18. Lead-free radiation protection material according to one of claims 1 to 17, characterized in that the at least two layers contain a matrix material in an amount of 0 to 12 wt .-%.

19. Lead-free radiation protection material according to one of claims 1 to 18, characterized in that the secondary radiation layer and / or the intermediate layer and / or the barrier layer comprises at least one pure material layer (s).

20. Lead-free radiation protection material according to claim 19, characterized in that the pure material layers are highly compressed.

21. Lead-free radiation protection material according to claim 20, characterized in that the pure layers are more than 75 vol .-% compressed.

22. Lead-free radiation protection material according to claim 21, characterized in that the pure layers are compressed to more than 90 vol .-%.

23. Lead-free radiation protection material according to claim 22, characterized in that the highly compressed pure material layers are in the form of metal foils.

24. Lead-free radiation protection material according to claim 23, characterized in that the metal foils have a thickness of 0.005 to 0.25 mm.

25. Lead-free radiation protection material according to claim 24, characterized in that the metal foils are foil strips or foil platelets.

26. Lead-free radiation protection material according to at least one of claims 19 to 25, characterized in that the at least one material-pure layer each has a carrier layer on one side.

27. Lead-free radiation protection material according to at least one of claims 19 to 25, characterized. that the at least one pure material layer has a carrier layer on both sides.

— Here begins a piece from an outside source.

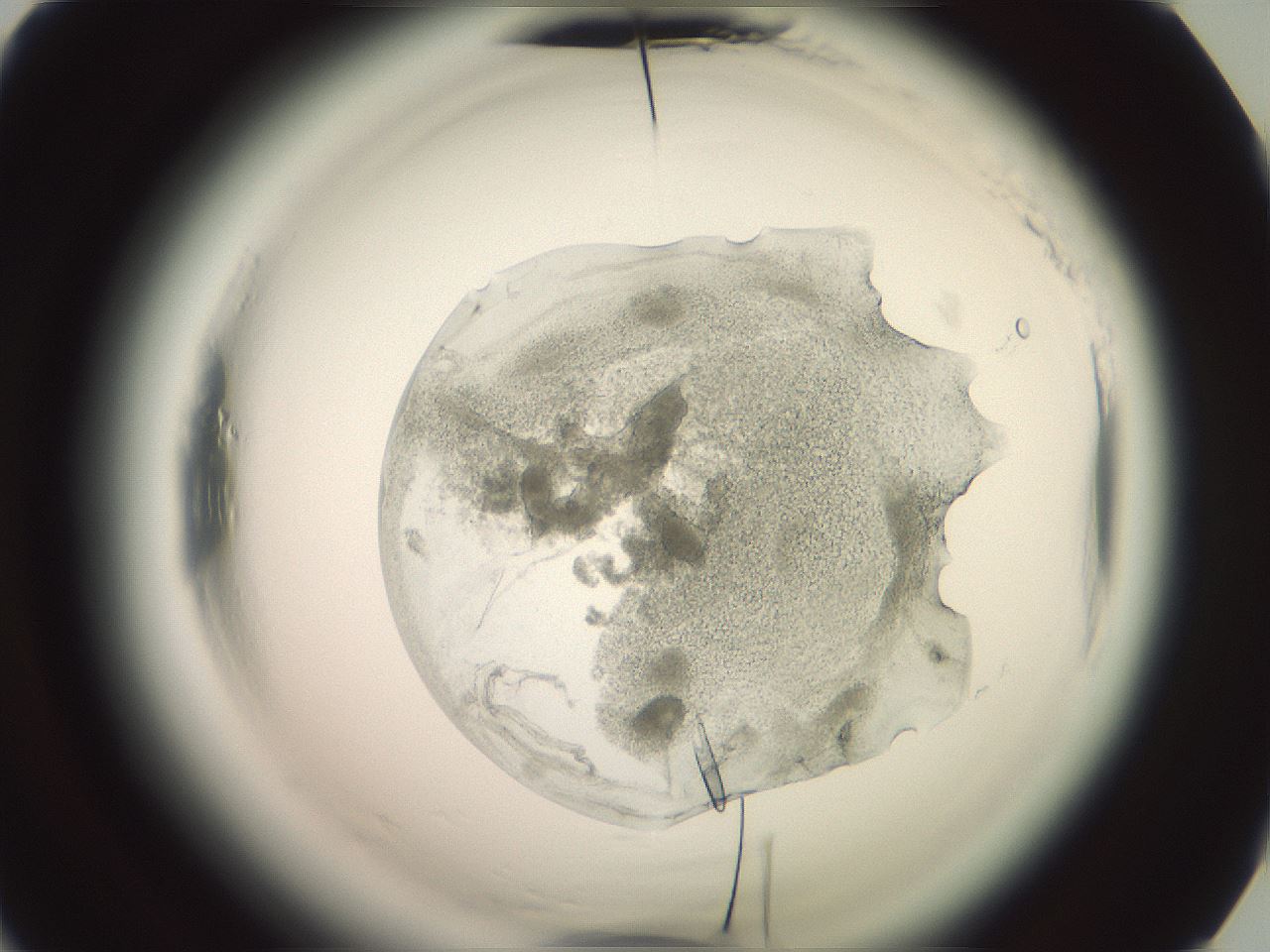 folderID576_plateID2576_batchID14302_wellNum52_profileID1_d2_r197731_ef.jpg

28. Lead-free radiation protection material according to claim 26 or 27, characterized in that the carrier layers are formed from a polymer.

29. Lead-free radiation protection material according to claim 28, characterized in that the polymer is a latex or elastomer polymer.

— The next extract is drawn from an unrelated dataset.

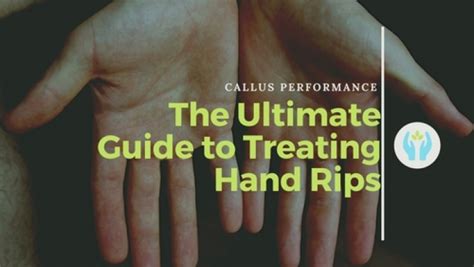 The Ultimate Guide To Treating Hand Rips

30. Lead-free radiation protection material according to claim 28 or 29, characterized in that the carrier layers have a thickness of 0.01 to 0.4 mm.

31. Lead-free radiation protection material according to one of claims 26 to 30, characterized in that the carrier layers contain small amounts of protective substances.

32. Lead-free radiation protection material according to one of claims 19 to 31, characterized in that the pure material layers of the protective film are constructed such that the layers are arranged after increasing secondary radiation.

33. Lead-free radiation protection material according to one of claims 19 to 32, characterized in that each layer with high secondary radiation has a layer with low secondary radiation on both sides.

34. Radiation protection clothing made of a lead-free radiation protection material according to one of claims 1 to 33.

35. Radiation protection clothing according to claim 34 in the form of an apron.